On November 12, 2002, Petitioner filed a "Response To Advisory To The Court." In this Response, Petitioner argues that he has been "wrongfully deprived of his property interest in disability compensation" because the compensation benefits should have been restored retroactively to August 1999, instead of April 6, 2001.

The instant Motions were filed August 23, 2002, prior to Petitioner's FECA benefits being reinstated. In its Motions, Respondent argues Petitioner's claim of due process violation completely fails to rise to the level of a substantial, cognizable claim of constitutional violation and therefore, that the Court lacks jurisdiction to entertain the case. In it's "Response to Petitioner's Supplemental Response," filed after reinstatement of benefits, Respondent argues that despite having filed four Responses to Respondent's Motion, Petitioner fails to show that a genuine issue of material fact exists and thus, that it is entitled to judgment as matter of law.

DISCUSSION

A. Motion to Dismiss

In its Motion to Dismiss, Respondent argues that the Court lacks subject matter jurisdiction over Petitioner's complaint because the FECA explicitly bars judicial review of the Secretary of Labor's administration of the FECA program pursuant to 5 U.S.C. § 8128(b), except where a substantial, cognizable constitutional claim is alleged. Accordingly, Respondent argues that Petitioner's claim of a due process violation fails to rise to the level of a substantial, cognizable claim of a constitutional violation. Petitioner contends that Respondent violated his right to due process because he was not given notice and an opportunity to respond prior to his suspension of benefits.

Section 8128(b) of FECA precludes judicial review of an action of the Secretary "in allowing or denying a payment" as follows:

The action of the Secretary or his designee in allowing or denying a payment under this subchapter is — (1) final and conclusive for all purposes and with respect to all questions of law and fact; and (2) not subject to review by another official of the United States or by a court by mandamus or otherwise.
5 U.S.C.A. § 8128(b) (West 2003).

However, courts in various circuits, including the Fifth Circuit, have held that § 8128(b) does not foreclose judicial review of a substantial constitutional claim involving FECA. Czerkies v.
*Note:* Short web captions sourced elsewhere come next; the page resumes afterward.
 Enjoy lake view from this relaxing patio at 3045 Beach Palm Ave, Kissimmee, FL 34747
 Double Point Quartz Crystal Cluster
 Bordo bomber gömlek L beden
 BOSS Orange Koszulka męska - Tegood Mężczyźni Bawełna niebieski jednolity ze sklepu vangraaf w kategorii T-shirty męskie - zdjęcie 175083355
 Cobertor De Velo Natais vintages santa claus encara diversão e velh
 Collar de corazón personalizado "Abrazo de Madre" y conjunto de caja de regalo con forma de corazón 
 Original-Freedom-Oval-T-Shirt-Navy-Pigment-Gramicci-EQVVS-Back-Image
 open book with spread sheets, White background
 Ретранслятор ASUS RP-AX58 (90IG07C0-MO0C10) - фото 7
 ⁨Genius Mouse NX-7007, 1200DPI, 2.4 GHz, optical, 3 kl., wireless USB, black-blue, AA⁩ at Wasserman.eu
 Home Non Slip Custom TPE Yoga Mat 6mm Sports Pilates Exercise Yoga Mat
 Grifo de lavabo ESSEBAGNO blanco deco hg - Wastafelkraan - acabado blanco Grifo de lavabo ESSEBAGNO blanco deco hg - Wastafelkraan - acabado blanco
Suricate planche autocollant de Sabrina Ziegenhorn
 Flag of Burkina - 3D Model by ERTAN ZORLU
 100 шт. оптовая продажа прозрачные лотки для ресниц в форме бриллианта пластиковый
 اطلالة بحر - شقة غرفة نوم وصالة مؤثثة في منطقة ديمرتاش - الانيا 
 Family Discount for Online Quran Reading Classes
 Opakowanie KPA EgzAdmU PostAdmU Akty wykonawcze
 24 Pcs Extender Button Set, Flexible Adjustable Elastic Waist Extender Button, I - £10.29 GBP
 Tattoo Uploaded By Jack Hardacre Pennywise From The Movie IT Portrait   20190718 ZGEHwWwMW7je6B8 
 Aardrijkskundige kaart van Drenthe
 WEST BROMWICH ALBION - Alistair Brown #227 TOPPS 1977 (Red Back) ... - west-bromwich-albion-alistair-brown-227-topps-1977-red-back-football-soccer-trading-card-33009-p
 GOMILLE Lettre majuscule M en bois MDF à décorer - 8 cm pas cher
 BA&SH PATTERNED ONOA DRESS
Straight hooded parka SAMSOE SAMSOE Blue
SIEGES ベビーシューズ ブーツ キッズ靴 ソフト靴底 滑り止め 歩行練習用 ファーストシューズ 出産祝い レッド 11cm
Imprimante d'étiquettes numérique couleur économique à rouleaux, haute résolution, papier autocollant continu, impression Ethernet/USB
Department of Labor, 73 F.3d 1435, 1443 (7th Cir. 1996); Benton v. United States, 960 F.2d 19, 22 (5th Cir. 1992); Rodriguez v. Donovan, 769 F.2d 1344, 1347-48 (9th Cir. 1985). The conduct of the Respondent that Petitioner challenges in this action is not the "allowing of denying [or] of payment," but rather the manner in which his claim was decided. When a government-created property interest is at stake, due process principles require at least notice and an opportunity to respond in some manner, whether in writing or at an oral hearing, before termination of that interest. See Raditch v. United States, 929 F.2d 478, 480 (9th Cir. 1991) (recognizing property interest in FECA benefits). Petitioner claims that he has been denied due process because he was not provided with notice and an opportunity to be heard prior to the suspension of his benefits. Based on these allegations, the Court finds that Petitioner has raised a substantial constitutional claim and this Court retains jurisdiction to review that charge. Accordingly, the Court is of the opinion that Respondent's Motion to Dismiss should be denied. The Court will now consider Respondent's alternative motion, the Motion for Summary Judgment.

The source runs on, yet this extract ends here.